As climate change intensifies extreme weather events, global climate models alone cannot provide the detailed information needed for effective local adaptation planning. A new perspective published in Frontiers of Environmental Science & Engineering highlights the urgent need for high-resolution, local-scale modeling tools that integrate environmental, social, and economic dynamics to support climate adaptation and sustainable development. The study, available at https://doi.org/10.1007/s11783-025-2091-7, argues that while global models have advanced understanding of large-scale processes, they lack the resolution to address local impacts where policy and planning decisions are actually implemented. Regional variations in topography, urbanization, and socioeconomic conditions demand more granular data and simulation capabilities that can bridge the gap between global projections and local realities.

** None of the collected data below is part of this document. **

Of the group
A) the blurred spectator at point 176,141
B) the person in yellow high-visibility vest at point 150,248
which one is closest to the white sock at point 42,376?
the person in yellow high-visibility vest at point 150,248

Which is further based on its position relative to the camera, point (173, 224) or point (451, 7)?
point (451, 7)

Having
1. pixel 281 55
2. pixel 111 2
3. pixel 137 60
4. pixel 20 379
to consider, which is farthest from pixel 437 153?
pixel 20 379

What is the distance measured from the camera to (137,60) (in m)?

Local-scale models operating at city, regional, or national levels can simulate fine-grained variations in climate conditions by incorporating topography, land use, demographics, and infrastructure data. This enables identification of vulnerable areas and evaluation of adaptation scenarios specific to local contexts. The authors note that without such detail, adaptation measures risk being overly generalized or ineffective against the specific threats communities face. The paper identifies several challenges in developing these models, including limited data availability, lack of multi-scale integration, and the complexity of coupling climate dynamics with socioeconomic systems. To overcome these barriers, researchers recommend advancing data integration through satellite remote sensing, machine learning, and collaborative data platforms such as the World Urban Database. Emerging "One Atmosphere" and "Seamless Earth System" modeling approaches that link global and local processes show particular promise for improved consistency and feedback mechanisms.
Artificial intelligence and physics-informed machine learning are expected to revolutionize model calibration, making these tools more efficient and accessible to developing countries. By combining environmental science with digital technologies, local-scale modeling can become a cornerstone of evidence-based adaptation planning, early warning systems, and long-term climate-resilient urban design. Prof. Alexander Baklanov, co-author from the University of Copenhagen, stated that "local-scale modeling marks the next frontier of climate adaptation. Global models give us the big picture, but communities live the consequences locally—where geography, infrastructure, and human behavior intersect. We urgently need multi-scale, interoperable models that can translate global climate projections into actionable, context-specific insights." The accessibility of these modeling frameworks through open-source platforms and AI-enhanced tools enables adoption even in resource-limited regions. The authors urge governments, researchers, and international organizations to prioritize the co-development of such models as part of national adaptation plans, emphasizing that strengthening local modeling capacity today will be crucial for achieving sustainable, resilient societies in the coming decades.